ASSIGNED TASK: Retype the material that follows exactly, limited to the lines from the one with "Heart Lock And" through the one with "Experience the warmth", and keep out all pictures.

(Beginning of SUPPLIED DATA)

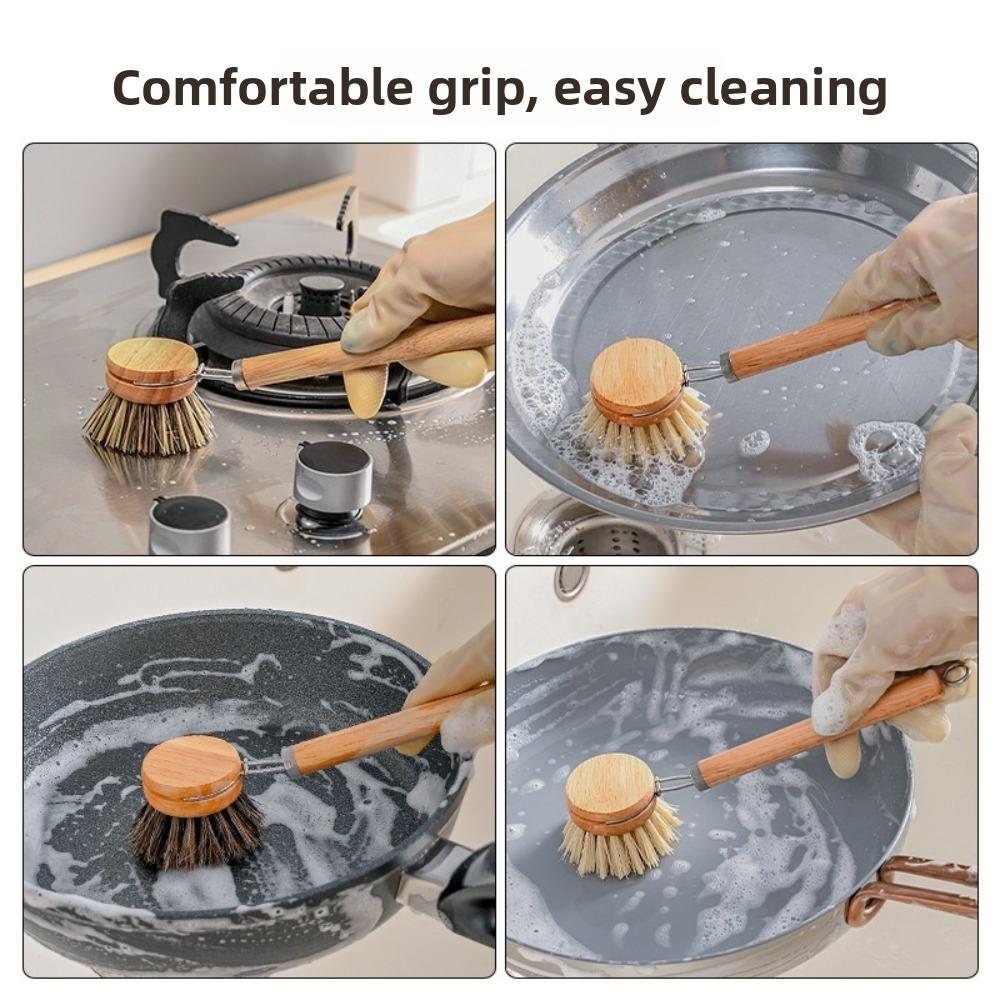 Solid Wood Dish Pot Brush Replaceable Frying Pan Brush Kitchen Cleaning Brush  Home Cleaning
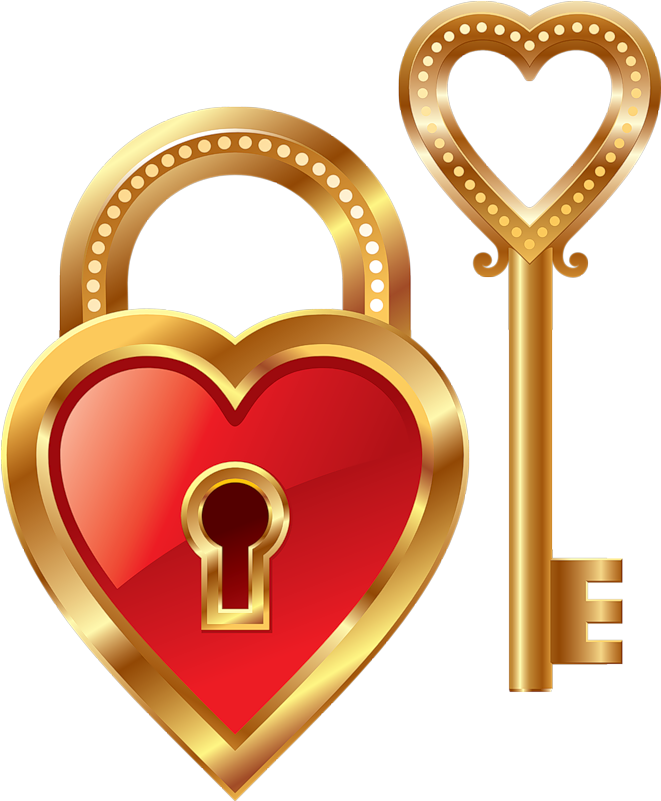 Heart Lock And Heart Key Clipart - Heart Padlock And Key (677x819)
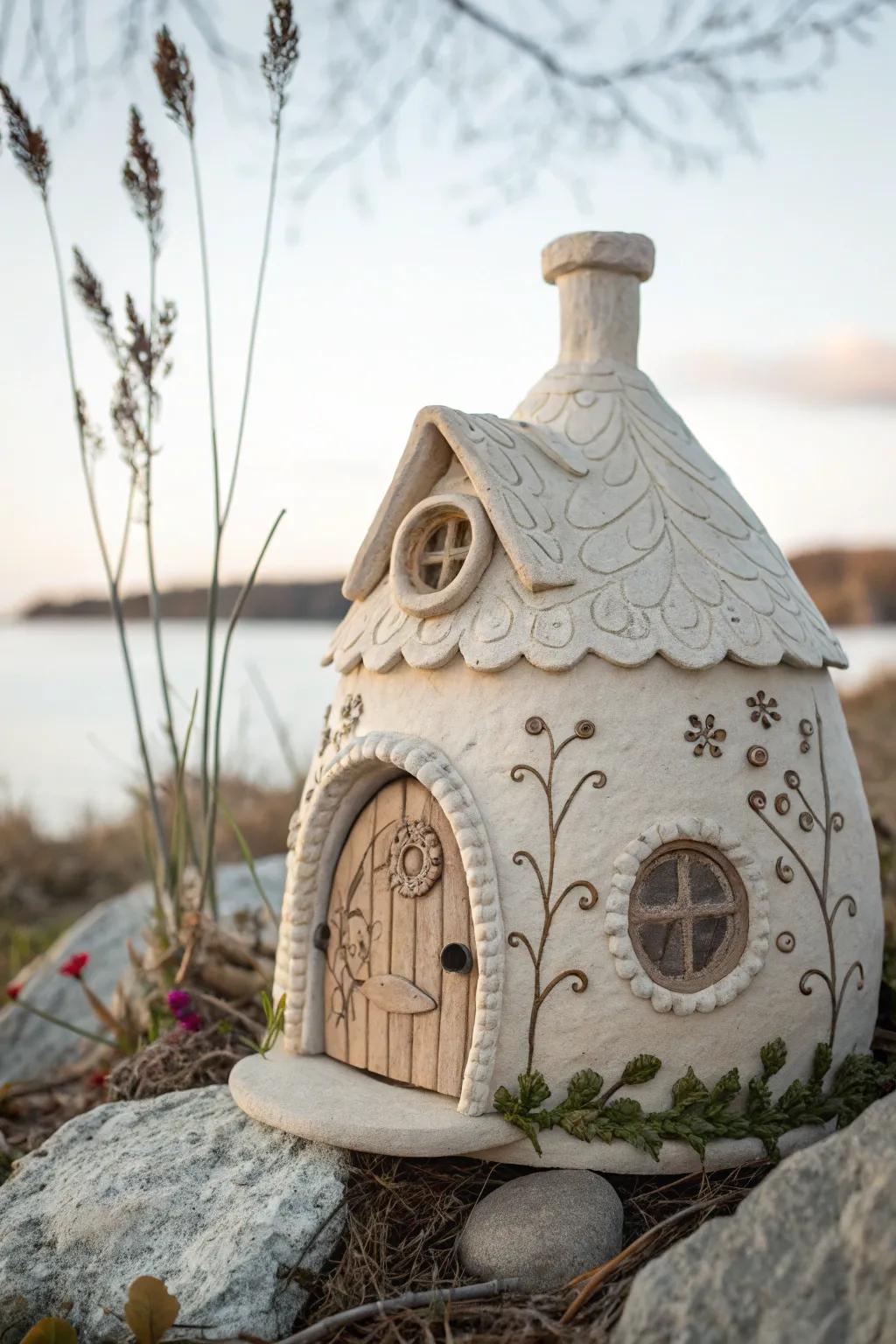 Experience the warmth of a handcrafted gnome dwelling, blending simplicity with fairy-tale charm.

(End of SUPPLIED DATA)
(Beginning of SUPPLIED DATA)

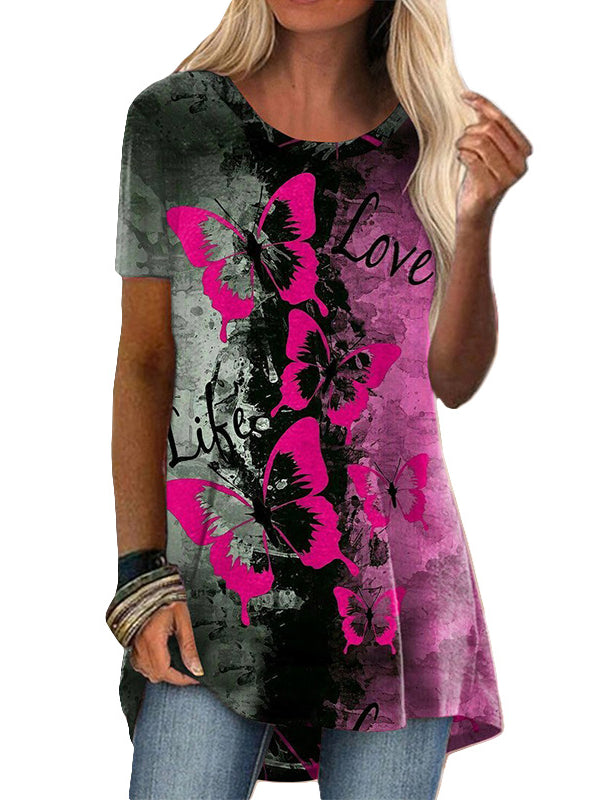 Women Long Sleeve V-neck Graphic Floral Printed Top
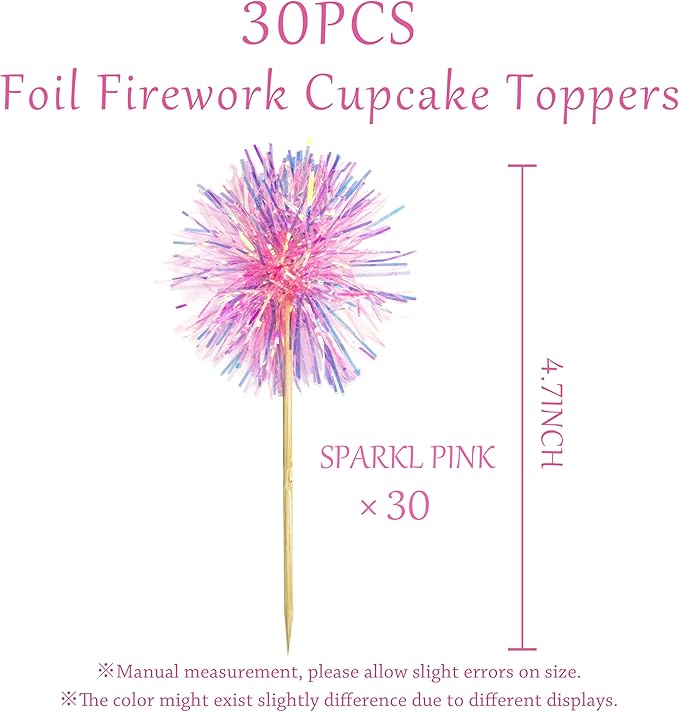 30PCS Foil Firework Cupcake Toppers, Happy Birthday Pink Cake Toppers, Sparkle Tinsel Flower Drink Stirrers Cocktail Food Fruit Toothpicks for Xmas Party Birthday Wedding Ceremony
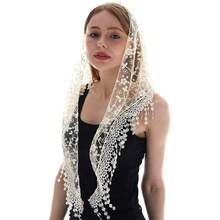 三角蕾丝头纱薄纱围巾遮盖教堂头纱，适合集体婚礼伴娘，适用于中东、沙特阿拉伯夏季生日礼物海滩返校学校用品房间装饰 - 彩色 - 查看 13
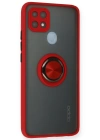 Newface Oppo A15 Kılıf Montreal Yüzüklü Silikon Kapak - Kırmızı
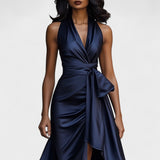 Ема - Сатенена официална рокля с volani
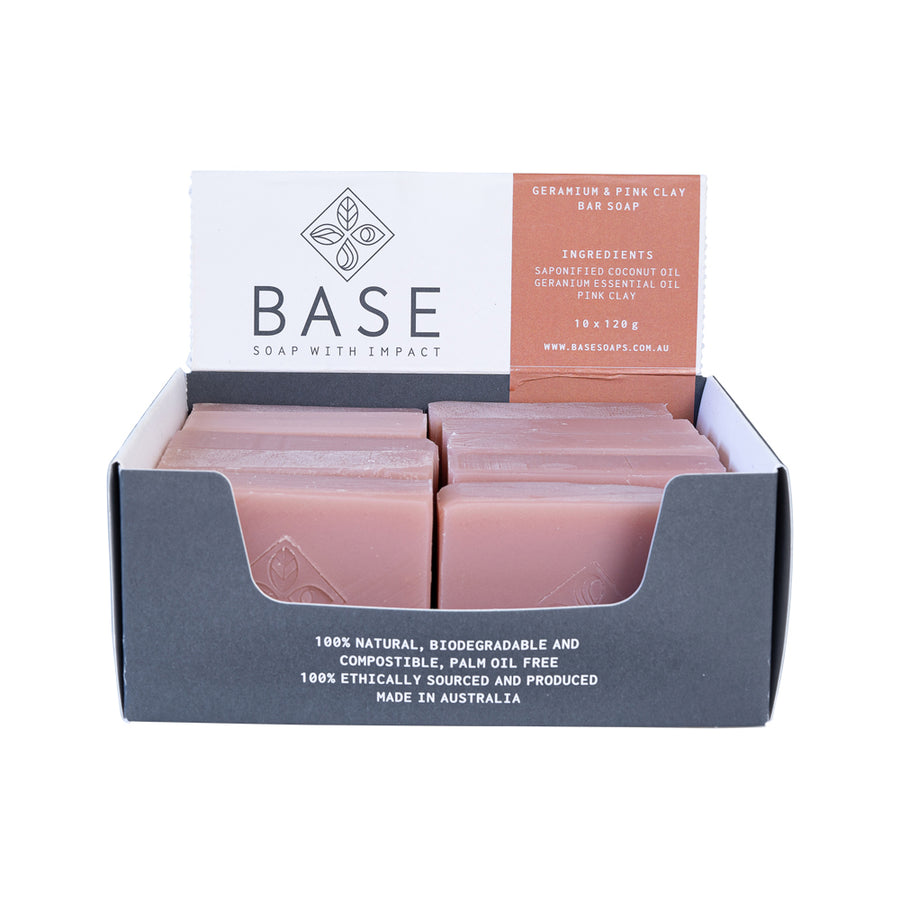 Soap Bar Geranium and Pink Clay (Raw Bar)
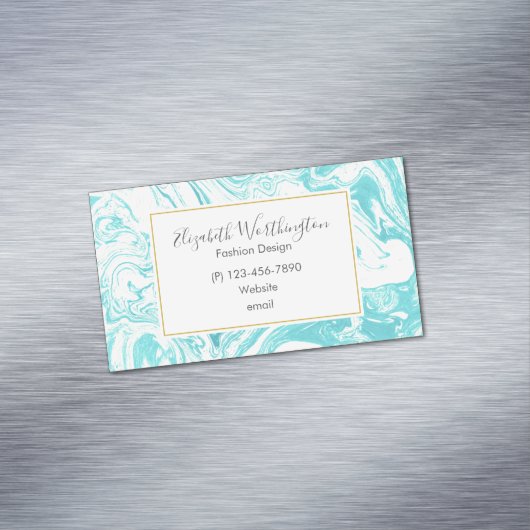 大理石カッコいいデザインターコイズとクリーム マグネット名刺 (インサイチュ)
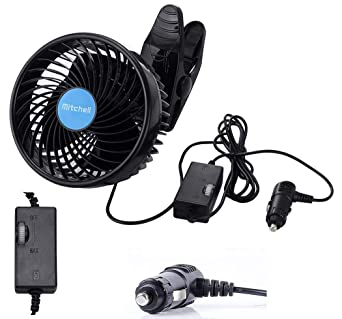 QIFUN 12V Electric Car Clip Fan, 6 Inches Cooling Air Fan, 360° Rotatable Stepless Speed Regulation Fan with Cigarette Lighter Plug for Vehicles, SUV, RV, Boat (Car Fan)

(End of SUPPLIED DATA)

OUTPUT FOR THIS TASK:
 Heart Lock And Heart Key Clipart - Heart Padlock And Key (677x819)
 Experience the warmth of a handcrafted gnome dwelling, blending simplicity with fairy-tale charm.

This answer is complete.